L'Inde et le Pakistan célèbrent tous deux leurs 70 ans d'indépendance. Des festivités qui se mêlent à la douleur d'une partition faite dans le sang en 1947, provoquant l'un des plus grands déplacements de population de l'histoire.
Environ 14 millions de personnes ont traversé les nouvelles frontières, les musulmans fuyant vers le Pakistan et les hindous et sikhs vers la nouvelle Inde, explique lundi Christophe Jaffrelot, directeur de recherches au CNRS à Paris, dans l'émission de la RTS Tout un monde.

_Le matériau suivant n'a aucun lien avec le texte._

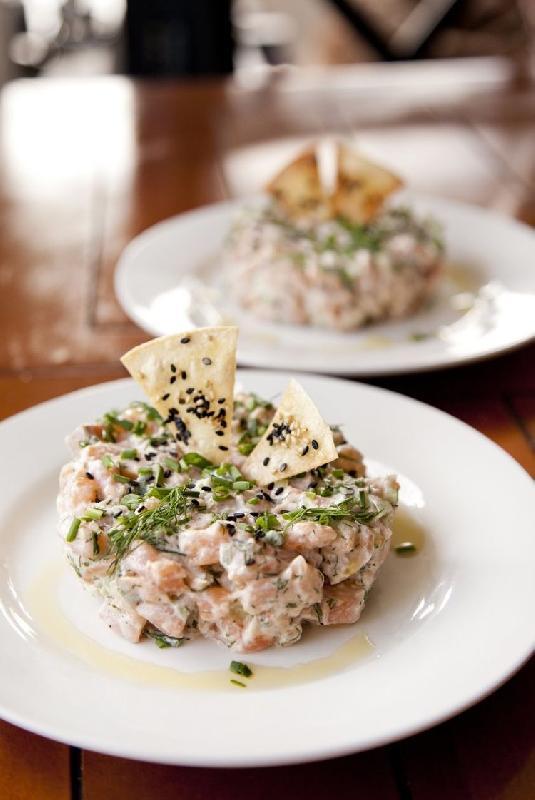 Qızılbalıq Tartar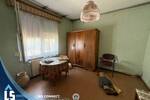 Einfamilienhaus Bismark (Altmark) OT Biesenthal Biesenthal - 6 Zimmer, 135 m&sup2;, 59.000&euro; | Angebot:25689405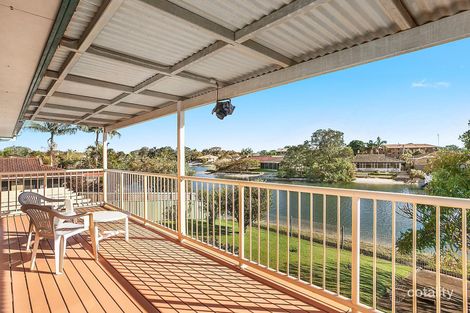 Property photo of 19 Wyuna Road Tweed Heads West NSW 2485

On estime que plus d'un million de personnes ont été massacrées lors de terribles affrontements religieux. "Dans certaines parties de l'Inde, le traumatisme est encore palpable, dans la mémoire collective comme dans la mémoire individuelle", relate le spécialiste des relations indo-pakistanaises.
Le Cachemire, pomme de discorde
Septante ans après ces événements sanglants, les relations restent conflictuelles. Après trois guerres entre l'Inde et le Pakistan, Christophe Jaffrelot ne voit aucune perspective d'amélioration. Principale pomme de discorde, la question du Cachemire.
Cette province était et reste encore à majorité musulmane et elle est revendiquée pour cette raison par le Pakistan. Mais au moment de la partition, c'était aussi un Etat princier, dont le Maharaja, Hari Singh, était hindou. Contraint de choisir son camp, ce dernier s'est rallié à l'Inde, soulevant la colère des musulmans, qui ont pris les armes. Eclate alors la première guerre entre des frères devenus ennemis, dont la ligne de cessez-le-feu n'est jamais devenue une frontière internationale. Les deux pays continuent de revendiquer cette province.
Le cessez-le-feu y est violé régulièrement par des tirs d'artillerie, qui deviennent de plus en plus nombreux. Selon Christophe Jaffrelot, l'année 2016-2017 marque une intensification des tirs, mais aussi des infiltrations d'islamistes venus du Pakistan pour mener des opérations coup-de-poing. "La question du Cachemire continue d'envenimer les relations entre les deux pays et cela se traduit par des victimes hebdomadaires, voire quotidiennes."
Des bouchers musulmans lynchés
A cela s'ajoute la dérive autoritaire du Premier ministre indien Narendra Modi sur le sort réservé aux minorités en Inde, notamment musulmanes. Ce nationaliste hindou, en poste depuis 2014, "considère que la majorité hindoue, soit environ 80% de la population, incarne la Nation", développe Christophe Jaffrelot.
Les minorités disparaissent des lieux de pouvoir, avec par exemple un Parlement qui ne compte plus que 3% de musulmans. Mais concrètement, cela se traduit surtout par "des violences d'un genre nouveau, comme par exemple des lynchages très inquiétants de bouchers musulmans, qui consomment et font commerce de la viande de boeuf", par des hindous, pour qui la vache est un animal sacré.